What they will find is acres of scenic rice paddies—the cultivation of rice is still central to Comporta’s economy—and cork forests. The real draw, however, is its unspoiled coastline. Comporta comprises a handful of sleepy villages, where development has been kept at bay; all you’ll find at the beaches are a couple of restaurants and a hut selling fresh mojitos and espressos. Celebrities such as Madonna and Philippe Starck have been spotted here, no doubt drawn to its low-key (and low-profile) vibe, but quietude comes at a price.

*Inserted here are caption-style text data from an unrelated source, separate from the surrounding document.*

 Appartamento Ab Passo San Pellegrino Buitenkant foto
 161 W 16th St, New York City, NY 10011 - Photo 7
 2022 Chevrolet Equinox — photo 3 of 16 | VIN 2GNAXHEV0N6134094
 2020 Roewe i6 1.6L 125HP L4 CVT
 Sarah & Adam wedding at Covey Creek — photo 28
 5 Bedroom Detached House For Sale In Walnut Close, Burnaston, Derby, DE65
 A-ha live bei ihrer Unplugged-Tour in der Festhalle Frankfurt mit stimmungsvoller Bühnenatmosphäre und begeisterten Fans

Many visitors rent villas, like the highly Instagrammed sand-floor retreats designed by architect Manuel Aires Mateus (which will run you more than $400 a night—in low season). There are two hotel choices—one luxury, one budget—and if you stray from ordering staples, which include freshly caught mackerel or sardines, your restaurant bill can easily slide into the triple digits. Fortunately, you can enjoy Comporta on a budget, too. Here’s how to do this under-the-radar beach destination at both the high end and low end.

Where to Stay

Save: The location of the Comporta Residence cannot be beat; it’s in the heart of Comporta village and within walking distance to all the shops and restaurants. Rooms are simple and clean, featuring double beds and tiled floors. If you need a break from the beach, the lobby has comfortable couches and plenty of books, and there’s a small outdoor pool. Rooms start at $92 per night.

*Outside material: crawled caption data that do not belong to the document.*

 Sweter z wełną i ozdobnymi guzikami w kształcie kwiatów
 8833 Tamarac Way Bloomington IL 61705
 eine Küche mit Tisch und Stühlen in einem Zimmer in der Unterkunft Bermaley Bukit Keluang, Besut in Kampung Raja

Splurge: The aptly named Sublime Comporta is located inland, in the village of Grândola. The 34 guest rooms are housed in simple A-frame structures that play off the clean lines of a rice barn. The surrounding landscape is dotted with olive trees, and guests can spend their days by the pool or practicing yoga in an outdoor pavilion. Book one of the 12 seats at the outdoor Food Circle, where everything is cooked on an open fire. Rooms start at $260 per night and go up to $2,503 for the larger villas.

What to See and Do

Take a three-hour cruise with Vertigem Azul on a catamaran to spot bottle nose dolphins (from $41 per person). Portugal recently made headlines for being home to the biggest wave in the world, but the surf at Carvalhal is ideal for beginners; take a group lesson with Surf in Comporta (from $46 per person). Drive to the tip of the Tróia peninsula to see the ancient ruins of what was once the largest fish-salting production site in the Roman world. The site contains Roman baths, holding tanks for the fish and a mausoleum. Free activities include swimming in the crystal clear Atlantic, long walks on the beach, or browsing the boutiques in Comporta. Pop by Vintage-Department to see retro furniture and Duna Comporta, which stocks caftans and gauzy Turkish towels. When walking around town, remember to look up: Nearly every light pole is topped with a stork nest.

Where to Eat

Start your day with an espresso and pastries at Vóninha - Pastelária Padaria Gelataria; the pastel de nata (egg custard tart) is a must. Make a reservation for an outdoor table at Restaurant o Denis located right on Carvalhal Beach. Avoid beef, which is priced per kilogram, and order fresh-caught grilled mackerel or sardines, which are about $9 a plate. Share a carafe of local vinho verde, a young wine that is almost green in color. For a quick bite, order a ham baguette and pastries at the beach hut on Comporta Beach (there’s only one, so you can’t miss it). Splurge at buzzy Comporta Cafe, which has a DJ during the high season and hammocks right on the beach. Seafood is the star of the menu, with fresh catches from octopus to flounder. Brave the mosquitos and sit on the outdoor terrace at Museu do Arroz, a restaurant in a former rice barn, overlooking the rice paddies. Start off with the fried rice balls, and try the cuttlefish cooked in black ink and served over, of course, rice.